__MATERIAL SHOWN__

··········

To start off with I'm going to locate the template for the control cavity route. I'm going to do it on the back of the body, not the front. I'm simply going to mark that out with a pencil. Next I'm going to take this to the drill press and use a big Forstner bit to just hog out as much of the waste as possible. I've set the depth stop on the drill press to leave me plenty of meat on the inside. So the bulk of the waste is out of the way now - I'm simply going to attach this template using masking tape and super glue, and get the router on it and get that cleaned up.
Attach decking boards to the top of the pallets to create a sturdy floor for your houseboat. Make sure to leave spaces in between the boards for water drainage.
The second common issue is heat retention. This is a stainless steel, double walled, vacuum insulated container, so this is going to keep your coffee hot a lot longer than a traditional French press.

··········

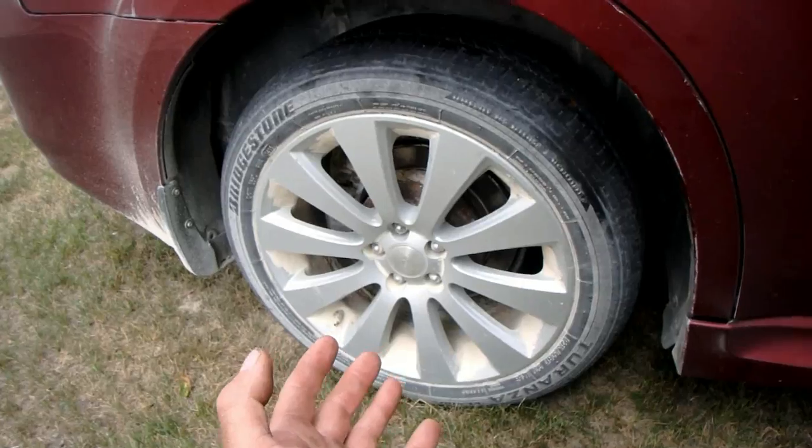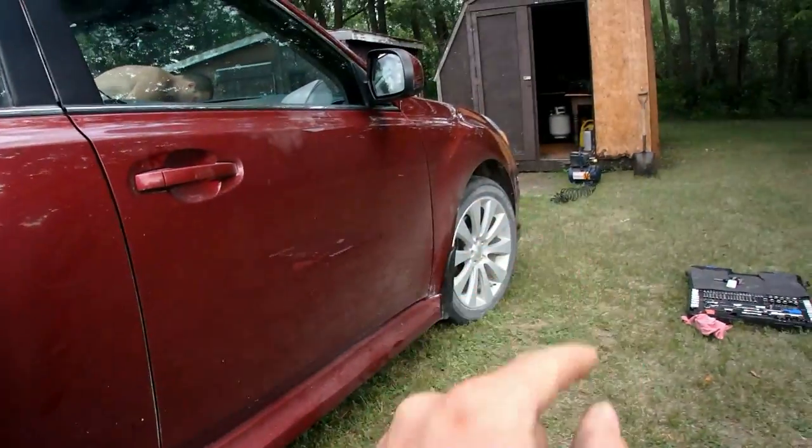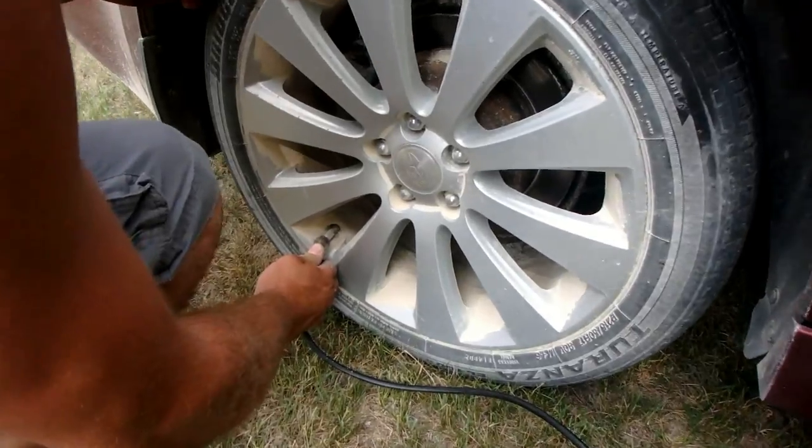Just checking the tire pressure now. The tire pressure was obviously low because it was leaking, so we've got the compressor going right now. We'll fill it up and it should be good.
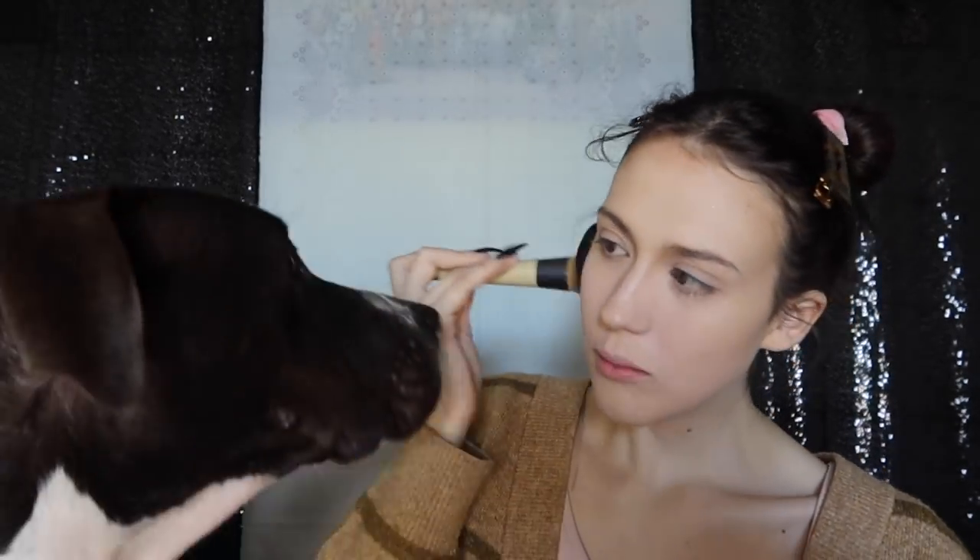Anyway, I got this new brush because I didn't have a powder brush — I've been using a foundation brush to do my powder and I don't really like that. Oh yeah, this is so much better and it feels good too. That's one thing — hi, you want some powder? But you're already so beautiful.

··········

__WHAT YOU SHOULD DO__
Using the records above, copy word for word the line with "Attach decking boards", the line with "The second common", and every line between them.

__REPLY__
Attach decking boards to the top of the pallets to create a sturdy floor for your houseboat. Make sure to leave spaces in between the boards for water drainage.
The second common issue is heat retention. This is a stainless steel, double walled, vacuum insulated container, so this is going to keep your coffee hot a lot longer than a traditional French press.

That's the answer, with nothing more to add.